Enhancing Nuclei Segmentation in Histology Images by Effectively Merging Task-Specific and Foundation Models
Published in Journal of Multimedia Information System, 2024
DOI: https://doi.org/10.33851/JMIS.2024.11.4.219
Nuclei segmentation in histology images is a critical task for various diagnostic applications in digital pathology. Traditional task-specific models, such as U-Net based architectures, are adept at capturing fine-grained and local information but often struggle with integrating global contextual features. On the other hand, foundation models effectively capture coarse-level global context but lack the precision required for detailed segmentation tasks. In this work, we propose a novel approach to bridge this gap by merging the strengths of task-specific and foundation models. We introduce a Gated Fusion Block that leverages the task-specific capabilities of U-Net-like architectures and merges with generalizable knowledge from foundation models. It combines local and global representations through gated squeeze-and-excitation layer followed by adaptive feature selection and cross-attention. We demonstrate the effectiveness of this approach through extensive experimentation on multiple histology datasets.

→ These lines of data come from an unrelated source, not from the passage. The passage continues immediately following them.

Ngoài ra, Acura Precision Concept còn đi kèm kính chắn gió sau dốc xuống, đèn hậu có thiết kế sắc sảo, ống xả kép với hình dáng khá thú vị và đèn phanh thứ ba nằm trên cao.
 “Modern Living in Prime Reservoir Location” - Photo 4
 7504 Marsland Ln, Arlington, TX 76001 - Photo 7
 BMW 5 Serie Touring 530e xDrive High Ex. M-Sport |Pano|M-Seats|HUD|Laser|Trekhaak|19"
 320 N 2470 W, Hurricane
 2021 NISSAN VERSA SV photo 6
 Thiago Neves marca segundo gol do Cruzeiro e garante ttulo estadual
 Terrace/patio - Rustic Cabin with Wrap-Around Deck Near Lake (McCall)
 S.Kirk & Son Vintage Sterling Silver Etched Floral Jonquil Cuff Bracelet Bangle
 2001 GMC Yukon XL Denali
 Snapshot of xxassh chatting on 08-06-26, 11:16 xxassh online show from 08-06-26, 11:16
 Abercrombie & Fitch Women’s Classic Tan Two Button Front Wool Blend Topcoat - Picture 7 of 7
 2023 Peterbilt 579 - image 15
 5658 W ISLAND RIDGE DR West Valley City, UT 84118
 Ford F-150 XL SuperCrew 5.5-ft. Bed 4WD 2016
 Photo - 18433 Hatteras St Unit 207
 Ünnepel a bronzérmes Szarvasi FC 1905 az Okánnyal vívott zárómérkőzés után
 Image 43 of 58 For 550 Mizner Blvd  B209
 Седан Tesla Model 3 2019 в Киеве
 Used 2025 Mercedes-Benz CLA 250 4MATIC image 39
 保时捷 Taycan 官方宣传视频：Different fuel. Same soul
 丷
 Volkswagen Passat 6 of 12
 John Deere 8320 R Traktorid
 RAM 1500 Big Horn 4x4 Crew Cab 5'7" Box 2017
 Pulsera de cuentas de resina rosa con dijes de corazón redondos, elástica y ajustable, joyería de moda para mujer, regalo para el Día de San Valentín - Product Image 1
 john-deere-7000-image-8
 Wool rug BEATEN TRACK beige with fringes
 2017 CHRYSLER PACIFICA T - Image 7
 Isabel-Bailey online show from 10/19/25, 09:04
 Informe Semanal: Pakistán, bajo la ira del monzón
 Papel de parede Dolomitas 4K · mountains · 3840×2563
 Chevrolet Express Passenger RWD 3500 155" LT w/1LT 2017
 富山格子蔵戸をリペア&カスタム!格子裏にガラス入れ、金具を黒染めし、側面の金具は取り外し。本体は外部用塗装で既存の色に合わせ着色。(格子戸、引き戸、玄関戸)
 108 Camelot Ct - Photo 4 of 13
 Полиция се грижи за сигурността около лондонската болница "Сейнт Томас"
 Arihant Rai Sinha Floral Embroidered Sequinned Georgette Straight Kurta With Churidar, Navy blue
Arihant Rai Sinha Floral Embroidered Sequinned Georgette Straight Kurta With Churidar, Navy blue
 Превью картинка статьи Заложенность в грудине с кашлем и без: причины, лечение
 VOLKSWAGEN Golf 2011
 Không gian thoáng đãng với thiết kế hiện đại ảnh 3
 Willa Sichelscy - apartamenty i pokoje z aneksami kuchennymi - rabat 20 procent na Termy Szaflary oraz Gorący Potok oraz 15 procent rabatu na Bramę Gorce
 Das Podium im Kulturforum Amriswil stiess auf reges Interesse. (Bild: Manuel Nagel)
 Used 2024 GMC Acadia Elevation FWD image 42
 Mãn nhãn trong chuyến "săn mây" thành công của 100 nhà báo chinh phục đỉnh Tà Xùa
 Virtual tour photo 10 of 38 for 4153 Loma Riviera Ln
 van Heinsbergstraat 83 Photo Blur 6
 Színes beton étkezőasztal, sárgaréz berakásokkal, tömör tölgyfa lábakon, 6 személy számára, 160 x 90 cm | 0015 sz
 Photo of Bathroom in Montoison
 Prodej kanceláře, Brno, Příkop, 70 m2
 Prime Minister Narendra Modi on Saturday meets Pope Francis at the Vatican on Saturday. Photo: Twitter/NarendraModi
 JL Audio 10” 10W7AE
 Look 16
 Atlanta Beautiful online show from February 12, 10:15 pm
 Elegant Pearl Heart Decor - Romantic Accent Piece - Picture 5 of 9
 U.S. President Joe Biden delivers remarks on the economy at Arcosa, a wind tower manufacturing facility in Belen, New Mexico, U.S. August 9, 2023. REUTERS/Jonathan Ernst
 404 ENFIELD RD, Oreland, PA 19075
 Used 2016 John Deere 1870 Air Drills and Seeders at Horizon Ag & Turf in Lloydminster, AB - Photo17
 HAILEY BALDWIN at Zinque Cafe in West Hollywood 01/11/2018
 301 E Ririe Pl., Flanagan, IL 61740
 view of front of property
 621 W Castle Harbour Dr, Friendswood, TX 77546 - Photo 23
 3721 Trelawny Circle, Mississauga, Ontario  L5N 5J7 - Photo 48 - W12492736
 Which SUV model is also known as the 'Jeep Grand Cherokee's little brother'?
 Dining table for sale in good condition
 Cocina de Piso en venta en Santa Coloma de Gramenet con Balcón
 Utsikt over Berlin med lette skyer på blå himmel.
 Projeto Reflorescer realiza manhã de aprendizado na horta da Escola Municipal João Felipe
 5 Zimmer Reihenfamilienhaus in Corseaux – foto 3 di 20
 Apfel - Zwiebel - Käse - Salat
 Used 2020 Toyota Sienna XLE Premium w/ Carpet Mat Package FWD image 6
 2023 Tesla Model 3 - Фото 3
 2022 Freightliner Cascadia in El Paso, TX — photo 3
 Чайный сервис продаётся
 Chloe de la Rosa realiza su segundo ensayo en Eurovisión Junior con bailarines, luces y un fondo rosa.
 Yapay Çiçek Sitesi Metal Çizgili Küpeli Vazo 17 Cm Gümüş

The results show significant improvements in segmentation performance, with a 12% and 17.22% increase in Dice score and mIoU, respectively, on the CryoNuSeg dataset, a 15.55% and 16.77% improvement on the NuInsSeg dataset, and a 9% improvement in both metrics for the CoNIC dataset. Our findings highlight the potential of integrating task-specific and foundation models to achieve state-of-the-art results in nuclei segmentation.